October 4, 2008
 
Sabena Stark 
 
High Holy Days a time to review, renew our lives
 

At the threshold of autumn, the Jewish year opens to a 10-day sanctuary of time called High Holy Days. We enter through the New Year celebration of Rosh Hashana into a period of self-reflection and realignment, to repair and restore our relationships with loved ones, community and with the Eternal. The journey culminates on the holiest day of the year, Yom Kippur, the Day of Atonement.

Synagogues across the world fill to overflowing, the air resonant with prayer, on the sacred eve and day of Yom Kippur. For 25 hours we abstain from food and water and from washing and adorning our bodies with lotions. Many wear white, the color of the kittel, or death shroud.

By withdrawing from the concerns of the body, the stuff of our spiritual lives comes into focus. The goal of High Holy Days is to strip away our routine existence, with its numbness to both the joys and the injustices of our world. From the time of the writing of the Torah, the Jewish community has observed this mandate to examine and amend our thoughts and actions.

In ancient Judaism, the kohanim (priests) enabled the sanctification of our communal lives. With the destruction of the Holy Temple and our forced dispersion, the rabbis taught that the doorway to the Eternal could be found in our homes, our synagogues and our places of study. Personal prayer replaced reliance on an intermediary.

The Rabbinic Period, the second cycle of Jewish spiritual history, established our tradition of a one-to-One relationship with the Eternal. But the Nazi Holocaust compelled many of us to wonder at the very existence of the Great Mystery. This question is the central paradox of my generation of Jews.

Rabbi Irving Greenberg believes that the Holocaust has triggered the third cycle of Jewish spiritual history. We learned to find the Holy One everywhere, even in our most mundane affairs. How we treat each person we encounter, what we model for our children, what we create by the work we do, what stories we tell each other, all have profound consequences.
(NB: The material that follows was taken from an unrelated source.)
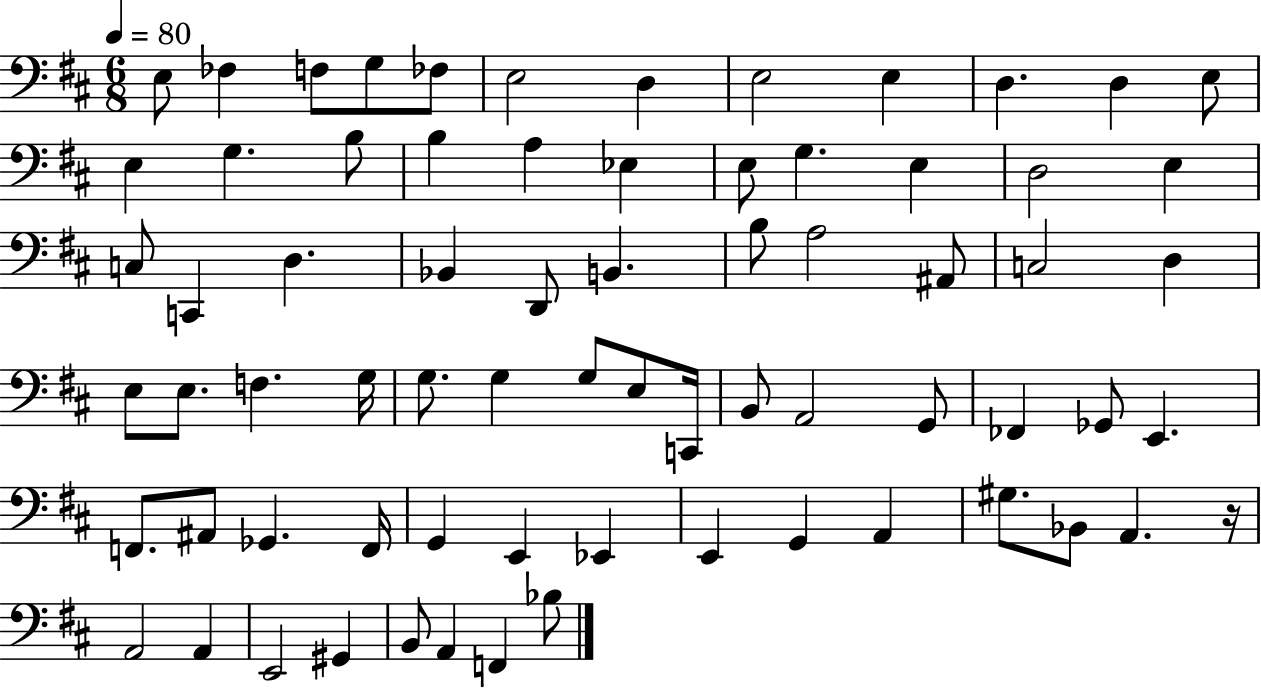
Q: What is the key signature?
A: D major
I believe it has become more critical than ever to attend to the challenges posed by High Holy Days, to take time to review our actions and the ethical underpinnings of our lives. It has become vital to our survival. Those with the courage to examine human history have found that under conditions of unexamined and unrestrained governmental power, times when bigotry was fostered and a deficit of consequences prevailed, human beings have acted with unrelenting cruelty and destruction, including numbness to genocide and the devastation of our Earth. We illustrate this today, for example, when we look away from the genocide occurring in Sudan.
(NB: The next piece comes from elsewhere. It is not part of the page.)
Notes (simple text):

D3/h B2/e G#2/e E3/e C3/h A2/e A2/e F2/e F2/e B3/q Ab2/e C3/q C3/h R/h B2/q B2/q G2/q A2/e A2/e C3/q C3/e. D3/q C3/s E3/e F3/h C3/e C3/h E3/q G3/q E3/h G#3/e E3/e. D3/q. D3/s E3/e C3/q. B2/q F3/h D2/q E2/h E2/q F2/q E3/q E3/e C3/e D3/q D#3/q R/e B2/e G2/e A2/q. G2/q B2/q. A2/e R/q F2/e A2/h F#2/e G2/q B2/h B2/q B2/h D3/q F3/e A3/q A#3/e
This time of intense communal prayer and reflection encourages us to face the broken or numb parts of ourselves, as individuals and as communities. The reward for joining in the beauty and meaning of this observance is a recommitment to live a conscious life and to participate in healing our imperfect world.

Sabena Stark is a writer and member of Temple Beth Israel. This column is coordinated by Lane Interfaith Alliance to offer inspiration, share personal spiritual experiences and bring a deeper understanding of individual faith perspectives with the intention of blessing our community and world.